I promised my nephew I would bungee jump with him. I thought it would be an amazing moment for the two of us to share. A wonderful mixture of facing your fear, experiencing incredible adrenaline and that indescribable feeling of surrendering to the moment.

Now anyone who knows me is shocked I went bungee jumping the first time (as was I). I really had no desire to jump again however, this second time was about honouring a promise to someone I love very much and creating a memory we’ll never forget.

People said to me,

“You’ve done it before, what’s the big deal?”

The ‘big deal’ is that you are jumping off a bridge that is 160 feet high into mid air with fast, rushing water below. It doesn’t really matter that I’ve done it before. Standing on that bridge is really scary. Jumping is terrifying.

Last time I bungee jumped I went through an entire process of managing my anxiety, forcing myself to stay present and not allow fearful thoughts to affect NOW. I also jogged beforehand and listened to my quiet voice, my instinct which said,

“It’s ok Tina, you can bungee jump and you’ll be fine.”

I trusted that voice. I believed in that voice.

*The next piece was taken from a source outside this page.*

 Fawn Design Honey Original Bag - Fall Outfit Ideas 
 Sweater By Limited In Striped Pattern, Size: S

I didn’t have a quiet voice this time whispering calming messages, I didn’t feel my instinct and I didn’t go through any process. This time I just jumped.

Was I scared? Yes.

Did I stall before standing on the edge? Absolutely

Did I love it? YES!

I am proud of myself. Because I’m not second guessing myself anymore I was able to ‘just jump’. I’m growing and proving to mySELF with each thing I do that I am TRUST-WORTHY. This is good stuff!

The other thing I did this weekend perhaps was a little more scary but in a totally different way. I took a leap of faith and went on my first date. I have been in relationships but I’ve never “dated” so I was very nervous.

This is what I learned:

I’m a really good catch!

The next man I enter in a relationship with is going to be one lucky guy. I understand for some people that may sound arrogant but understanding your value and worth and what you bring to the relationship and then sharing that with others is a gift.

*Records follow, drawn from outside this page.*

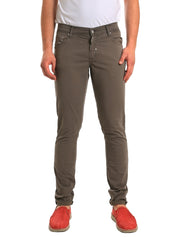 Pantaloni Verde Antony Morato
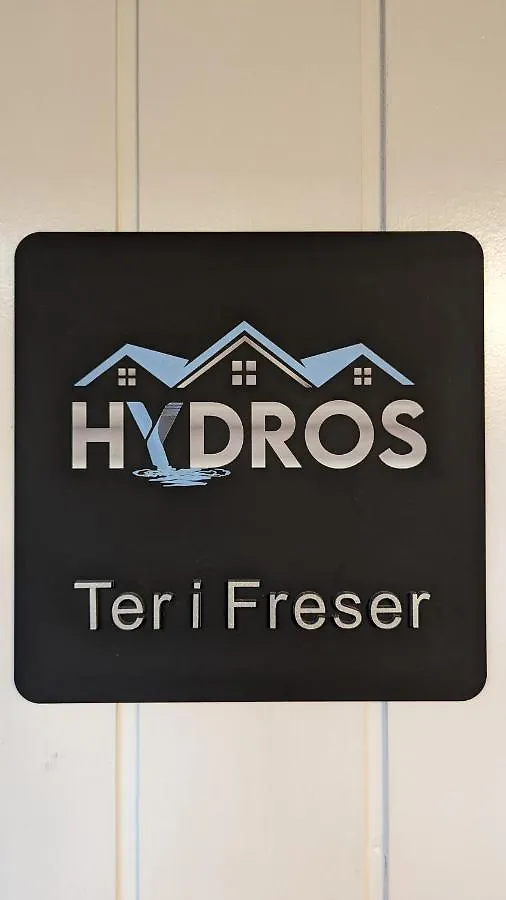 Hydros Apartment Ripoll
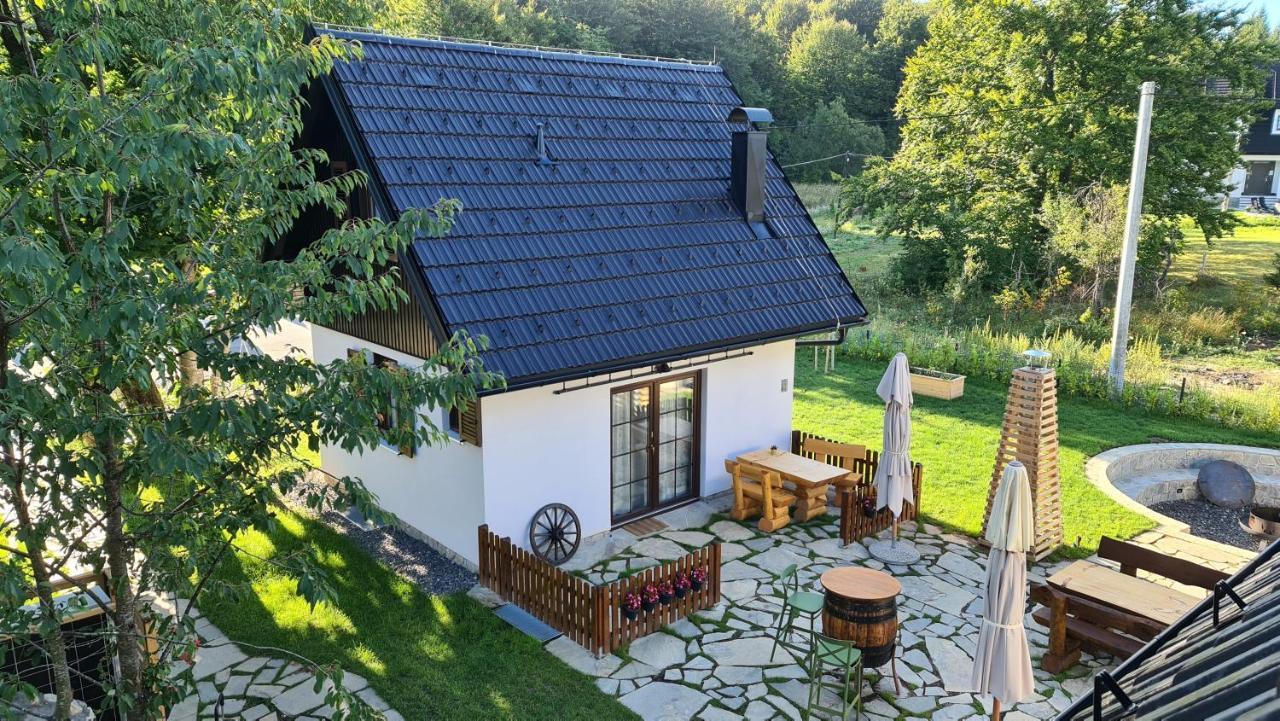 B&B Plitvice Holiday Lodge Plitvicka Jezera Bagian luar foto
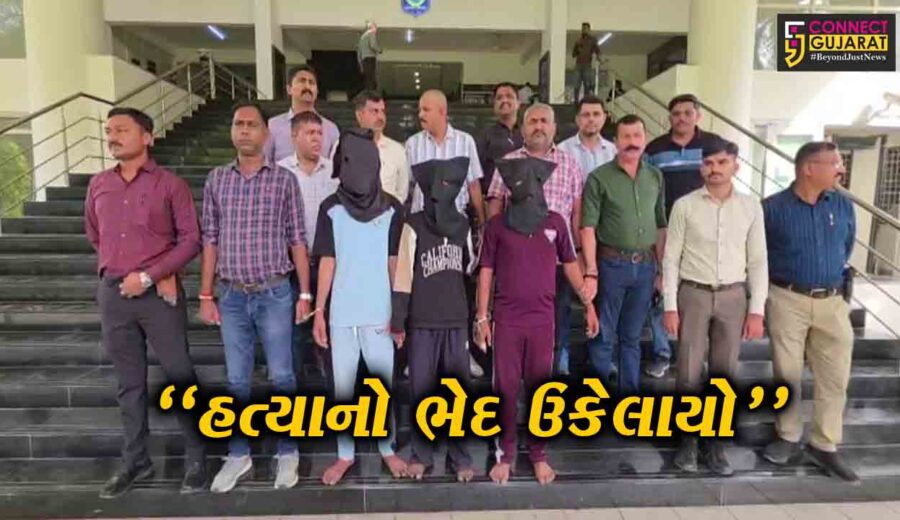 સુરત : ભેસ્તાનમાં સતીષ મરાઠાની ચકચારી હત્યા કેસમાં 4 સગીર સહિત 8 આરોપીઓ ઝબ્બે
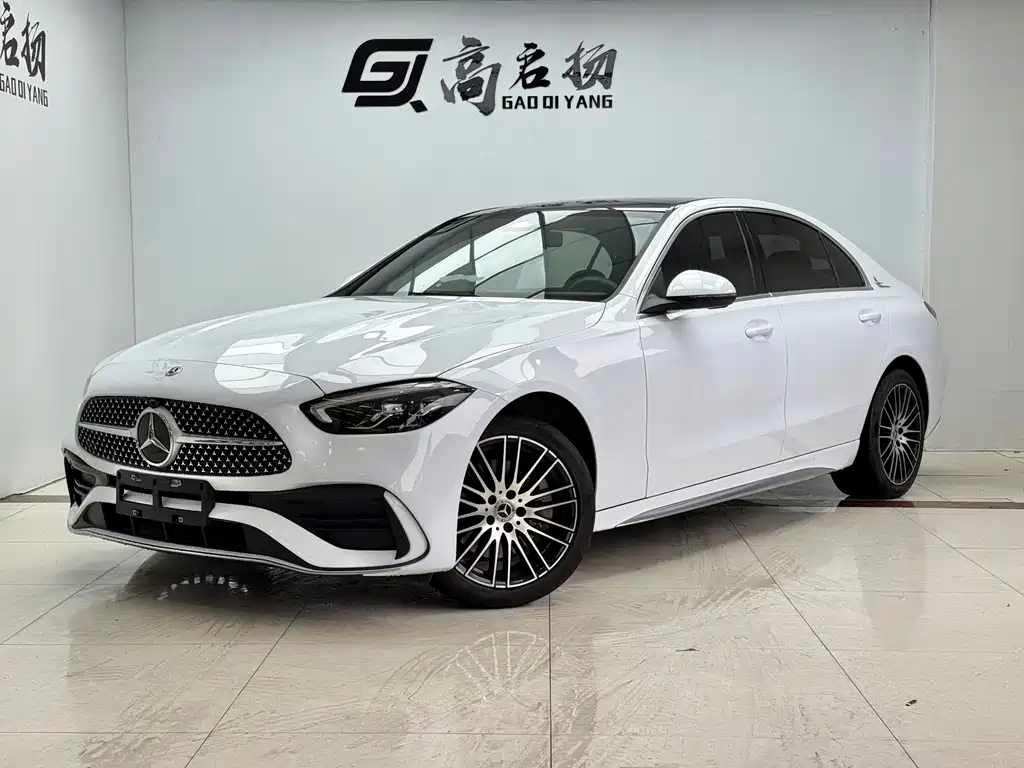Mercedes-Benz C-Class 2023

Dating is going to be an interesting adventure for me. I know exactly what I want and definitely what I don’t want. I feel ready because I have done the work on my SELF. I am not entering a relationship with BAGGAGE but rather an UNDERSTANDING of what happened in the past and why. Someone said to me,

“Well Tina, you haven’t been very good at picking them out before…how would you know a good guy if you saw one?”

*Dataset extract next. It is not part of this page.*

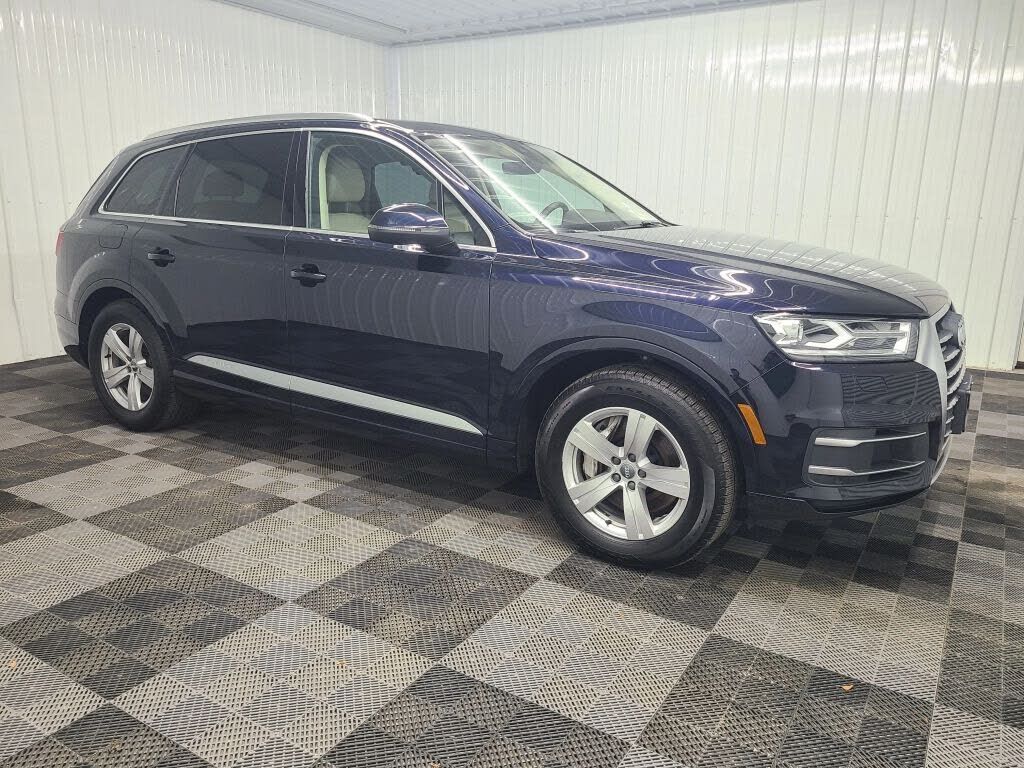 2018 AUDI Q7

At first I was very hurt by this comment and agreed with it but then I realized I HAVE CHANGED.

In knowing who I am, what is important to me, and having a deep trust in mySELF, I know I will attract a different type of man. Nothing less will work for me this time. Yes my bar is set high, and it should be.

Anytime you have an opportunity to face fear, you have an opportunity to GROW.

I encourage you to EMBRACE that growth…it’s well worth the fear beforehand and it proves to yourSELF that you are smarter, stronger, wiser and more incredible than you ever imagined.

Give yourself that GIFT. Face a fear today. Learn. Grow. Live. LEAP!